My hooves slammed into the ground in a shower of sand. I was damned lucky not to break a leg with such a poorly executed landing, but I didn’t care. All I wanted to do was find Shade and Briar, and… and then what? What the hell could I do?! Sights I never believed I would see in the thestral afterlife assailed my eyes from ever quarter - Impossible visions of horror that I simply couldn’t comprehend. Bodies… there were bodies everywhere! This wasn’t the peaceful home of a peculiar old wise mare who lived a quiet in the forest, it was a battlefield. Corpses of thestrals lay scattered along the path and between the trees like chaff from a thresher, their broken and bloodied bodies still warm and steaming in the cool air. Weapons, like their owners, had been drawn only to be dropped moments later in a frenzy of violence that reminded me of the brutality of the fighting with the changelings. Here however, these thestrals had been on the losing side. I counted at least twenty of them as I ran for the door to the hut.

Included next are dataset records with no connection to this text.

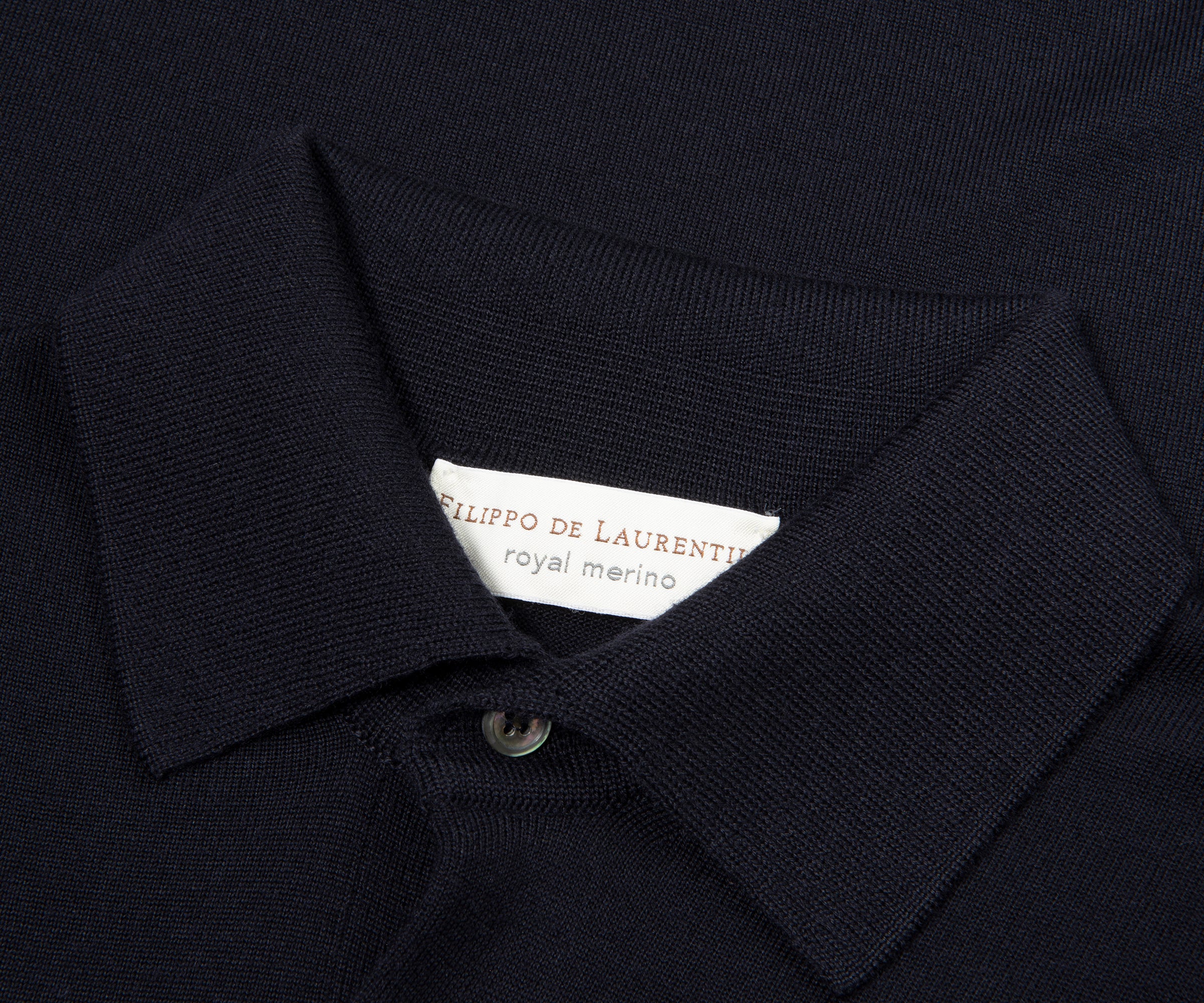 Filippo Navy Merino Wool Polo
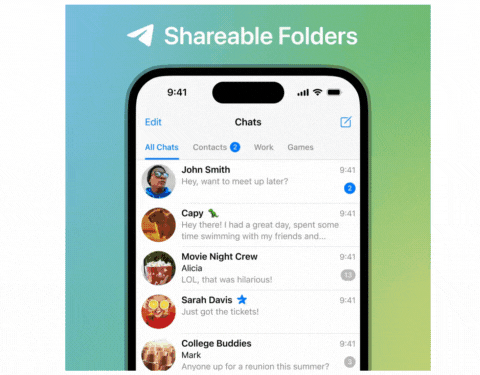 share telegram chat folders with others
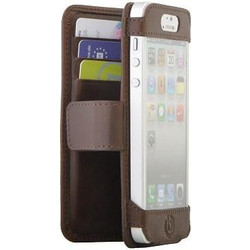 BUGATTI ΘΗΚΗ IPHONE SE/5S/5/5C LEATHER OPEN BOOKCASE BROWN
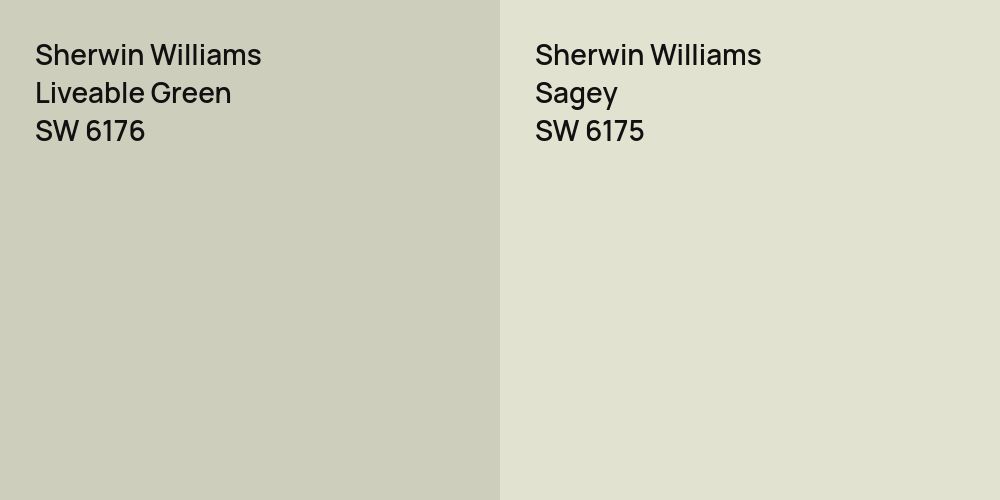 Sherwin Williams Liveable Green vs. Sherwin Williams Sagey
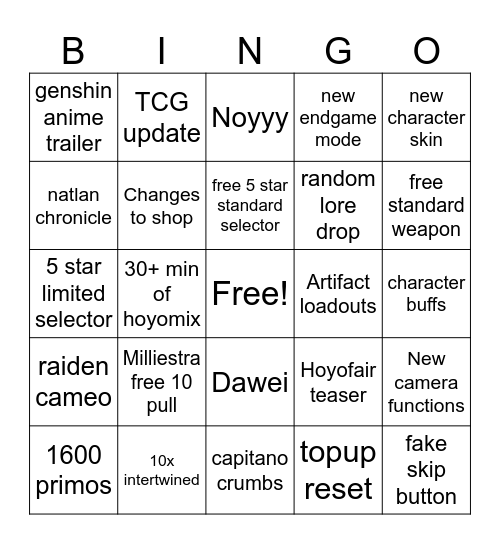 7.1 Genshin Livestream Bingo Card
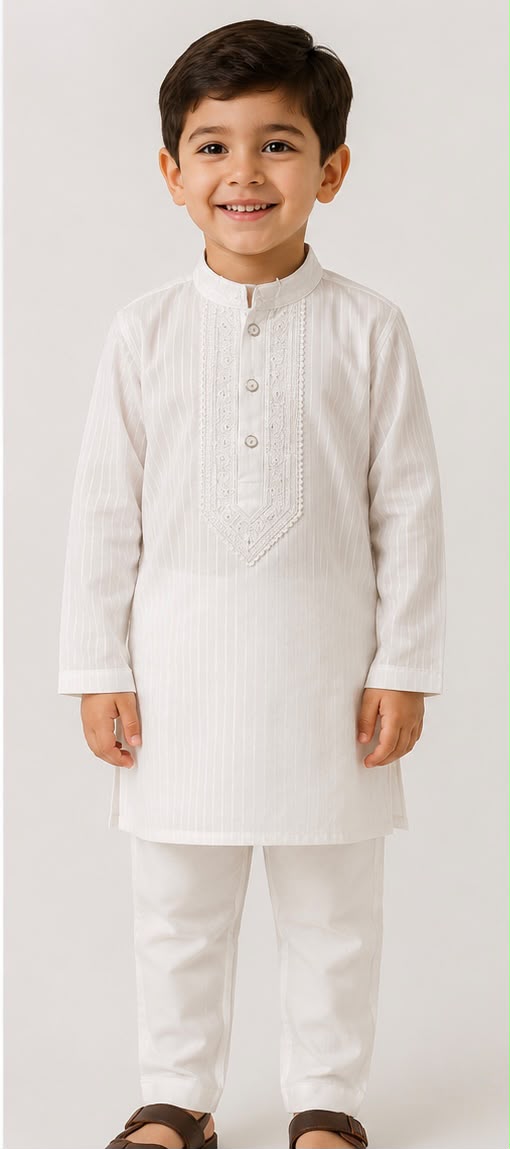 ✨ Premium Boys White Embroidered Kurta Pajama Set | Elegant Traditional Wear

Briar!” I pulled up short by the entrance. Whoever had done this could well be still inside. “Briar! Are you in there? Shade!

Silence.

I tried to steady my heart and rein in my urgent desire to burst into the hut, but my recently released wendigo self was having none of it. Memories of what had happened to Meadow surged back in a tsunami of uncontrolled emotional energy that was utterly overwhelming. From the very first time I had become a wendigo I’d found it hard to control the spirit within me. It was like a wild animal, untamed, and permanently hungering. However as time passed and my understanding of it grew, I had eventually been able to gain dominance over my more ‘impulsive’ desires. It had been a long, hard journey to that point. Unfortunately time had not been especially forgiving, and now my fear for Shade and Briar burst forth like a signal fire, dragging my conscious self along for the ride, following that raging white river of magic.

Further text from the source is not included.